Work instruction: Lines before the one containing "Reinforced Capacitive Industrial" are left out; copy that line and every later line through the end of the data exactly.

Provided data:
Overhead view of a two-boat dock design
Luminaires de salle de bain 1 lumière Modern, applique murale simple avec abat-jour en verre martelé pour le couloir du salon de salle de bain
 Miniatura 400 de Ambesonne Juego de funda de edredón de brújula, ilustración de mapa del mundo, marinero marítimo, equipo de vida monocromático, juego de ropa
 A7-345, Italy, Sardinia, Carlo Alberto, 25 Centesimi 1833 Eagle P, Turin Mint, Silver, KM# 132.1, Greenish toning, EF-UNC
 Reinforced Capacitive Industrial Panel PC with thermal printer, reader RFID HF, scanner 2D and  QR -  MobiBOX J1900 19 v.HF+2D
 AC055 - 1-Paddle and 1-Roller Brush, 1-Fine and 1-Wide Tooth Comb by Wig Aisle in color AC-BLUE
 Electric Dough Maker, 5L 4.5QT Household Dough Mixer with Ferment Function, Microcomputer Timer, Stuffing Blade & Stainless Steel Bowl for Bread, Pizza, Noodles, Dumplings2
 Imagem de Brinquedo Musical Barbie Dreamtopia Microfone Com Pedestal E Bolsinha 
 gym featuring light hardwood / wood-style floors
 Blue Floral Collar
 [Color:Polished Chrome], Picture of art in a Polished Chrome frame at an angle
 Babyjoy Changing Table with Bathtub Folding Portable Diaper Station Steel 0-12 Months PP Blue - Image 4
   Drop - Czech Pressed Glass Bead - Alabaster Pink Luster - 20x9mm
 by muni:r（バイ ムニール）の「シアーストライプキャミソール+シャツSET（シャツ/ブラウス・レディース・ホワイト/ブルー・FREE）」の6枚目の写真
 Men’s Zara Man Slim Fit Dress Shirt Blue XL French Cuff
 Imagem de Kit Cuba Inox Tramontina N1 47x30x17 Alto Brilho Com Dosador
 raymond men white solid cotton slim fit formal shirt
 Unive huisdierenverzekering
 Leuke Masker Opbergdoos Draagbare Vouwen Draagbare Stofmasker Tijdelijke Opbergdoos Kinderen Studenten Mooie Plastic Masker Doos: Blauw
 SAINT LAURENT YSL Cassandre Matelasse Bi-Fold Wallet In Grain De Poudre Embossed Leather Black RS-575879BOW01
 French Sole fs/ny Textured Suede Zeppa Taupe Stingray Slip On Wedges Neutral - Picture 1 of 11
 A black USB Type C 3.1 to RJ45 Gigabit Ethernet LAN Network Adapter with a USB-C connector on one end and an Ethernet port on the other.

Answer space:
 Reinforced Capacitive Industrial Panel PC with thermal printer, reader RFID HF, scanner 2D and  QR -  MobiBOX J1900 19 v.HF+2D
 AC055 - 1-Paddle and 1-Roller Brush, 1-Fine and 1-Wide Tooth Comb by Wig Aisle in color AC-BLUE
 Electric Dough Maker, 5L 4.5QT Household Dough Mixer with Ferment Function, Microcomputer Timer, Stuffing Blade & Stainless Steel Bowl for Bread, Pizza, Noodles, Dumplings2
 Imagem de Brinquedo Musical Barbie Dreamtopia Microfone Com Pedestal E Bolsinha 
 gym featuring light hardwood / wood-style floors
 Blue Floral Collar
 [Color:Polished Chrome], Picture of art in a Polished Chrome frame at an angle
 Babyjoy Changing Table with Bathtub Folding Portable Diaper Station Steel 0-12 Months PP Blue - Image 4
   Drop - Czech Pressed Glass Bead - Alabaster Pink Luster - 20x9mm
 by muni:r（バイ ムニール）の「シアーストライプキャミソール+シャツSET（シャツ/ブラウス・レディース・ホワイト/ブルー・FREE）」の6枚目の写真
 Men’s Zara Man Slim Fit Dress Shirt Blue XL French Cuff
 Imagem de Kit Cuba Inox Tramontina N1 47x30x17 Alto Brilho Com Dosador
 raymond men white solid cotton slim fit formal shirt
 Unive huisdierenverzekering
 Leuke Masker Opbergdoos Draagbare Vouwen Draagbare Stofmasker Tijdelijke Opbergdoos Kinderen Studenten Mooie Plastic Masker Doos: Blauw
 SAINT LAURENT YSL Cassandre Matelasse Bi-Fold Wallet In Grain De Poudre Embossed Leather Black RS-575879BOW01
 French Sole fs/ny Textured Suede Zeppa Taupe Stingray Slip On Wedges Neutral - Picture 1 of 11
 A black USB Type C 3.1 to RJ45 Gigabit Ethernet LAN Network Adapter with a USB-C connector on one end and an Ethernet port on the other.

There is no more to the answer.